───── Records provided

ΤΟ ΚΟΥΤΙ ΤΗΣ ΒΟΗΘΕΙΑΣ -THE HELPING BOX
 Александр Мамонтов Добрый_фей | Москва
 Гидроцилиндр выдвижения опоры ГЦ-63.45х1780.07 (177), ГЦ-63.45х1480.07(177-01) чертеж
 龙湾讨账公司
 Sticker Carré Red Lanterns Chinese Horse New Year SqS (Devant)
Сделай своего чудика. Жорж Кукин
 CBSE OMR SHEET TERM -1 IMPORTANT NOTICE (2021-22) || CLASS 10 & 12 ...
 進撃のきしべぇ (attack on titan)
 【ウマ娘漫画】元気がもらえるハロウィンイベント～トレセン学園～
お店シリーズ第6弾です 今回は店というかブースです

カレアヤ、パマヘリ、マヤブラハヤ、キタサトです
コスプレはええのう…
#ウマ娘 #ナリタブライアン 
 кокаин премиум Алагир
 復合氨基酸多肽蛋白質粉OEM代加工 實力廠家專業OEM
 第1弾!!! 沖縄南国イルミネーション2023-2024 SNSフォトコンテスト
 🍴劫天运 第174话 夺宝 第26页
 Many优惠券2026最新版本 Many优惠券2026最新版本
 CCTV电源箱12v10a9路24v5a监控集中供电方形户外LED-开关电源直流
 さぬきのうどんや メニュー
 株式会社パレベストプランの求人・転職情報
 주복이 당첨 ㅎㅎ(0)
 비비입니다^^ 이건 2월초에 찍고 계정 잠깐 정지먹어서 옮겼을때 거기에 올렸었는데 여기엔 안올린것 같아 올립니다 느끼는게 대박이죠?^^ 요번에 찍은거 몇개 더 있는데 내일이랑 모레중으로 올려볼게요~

──────────

**Directions for this task:** Reproduce the listing word for word from its first line up to and including the line with "進撃のきしべぇ (attack on titan)". Give no other lines.

**Written reply:**
ΤΟ ΚΟΥΤΙ ΤΗΣ ΒΟΗΘΕΙΑΣ -THE HELPING BOX
 Александр Мамонтов Добрый_фей | Москва
 Гидроцилиндр выдвижения опоры ГЦ-63.45х1780.07 (177), ГЦ-63.45х1480.07(177-01) чертеж
 龙湾讨账公司
 Sticker Carré Red Lanterns Chinese Horse New Year SqS (Devant)
Сделай своего чудика. Жорж Кукин
 CBSE OMR SHEET TERM -1 IMPORTANT NOTICE (2021-22) || CLASS 10 & 12 ...
 進撃のきしべぇ (attack on titan)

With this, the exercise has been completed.